A new company is taking the notion of professional open source to the next
level with pre-tested and certified components for use in the enterprise,
officials said Tuesday.
SpikeSource offers more than 50 interoperable open source
components, called Core Stack, as well as asset management and paid services to take the hassle of manually integrating the software out of the hands of the IT department.
SpikeSource aggregates a wide variety of open
source software not catering to a particular product like a database,
language or platform, and certifies its interoperability with other open
source components.
The company then sells a services component to go with the software
offerings. They range from basic installation support, which handles the initial
setup, to premium annual support, which includes 24/7 telephone support,
online issue reporting and custom code development.
Also available is the SpikeSource Update Service, an accessory paid service called Update Service, an accessory paid service currently in beta, provides updates, patches and upgrades to the certified open source software residing in the network. Paying customers can also log into the
SpikeSource Web site for an online resource.
It’s the individual efforts of companies like JBoss and Zend that first
prompted the company’s two founders, Murugan Pal and Ray Lane, to look into
creating a company that wraps the services and support of the separate professional open source companies together.
According to Nick Halsey, SpikeSource vice
president of marketing and sales, while companies like JBoss and MySQL do a good job in their areas of expertise, Pal and Lane reasoned that many
corporations wouldn’t adopt it companywide without interoperability with
other software components.
“Our whole reason for being is to do interoperability testing of
combinations of open source components in useful combinations, or stacks,
and then making those stacks, with services and technical support around
them, available to our customers,” Halsey said.
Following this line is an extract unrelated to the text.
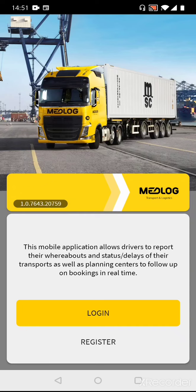In this session we are going to explain how to work as a truck driver with the MetLog Transport Positioning App. When you have installed the application from the Google Play Store or Apple Store, go to the applications on your device or on the desktop and look for a yellow icon with a big M.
The idea was enough to get funding from Kleiner Perkins Caufield & Byers
(KPCB), where Lane is a partner, Intel and Fidelity
Ventures. After nearly two years of development, the company held a public
beta of its Core Stack in December 2004.
Key to the company’s launch is the partnerships SpikeSource struck with the
other professional open source companies it is nominally competing against
in the industry. Among other partnerships, the company integrated its
technical support services with JBoss, MySQL, Zend, Novell and Red Hat while
integrating the compliance management software and license calculator from
Black Duck Software.
SpikeSource also launched an ISV
software developers to test and certify their applications on the company’s
Core Stack. All tests conducted, officials said, will be published to the
open source community.
Halsey said the company is committed to providing interoperability and testing resources for applications. As such,
some of the tools created to make the Core Stack and testing services have
been donated to the open source community.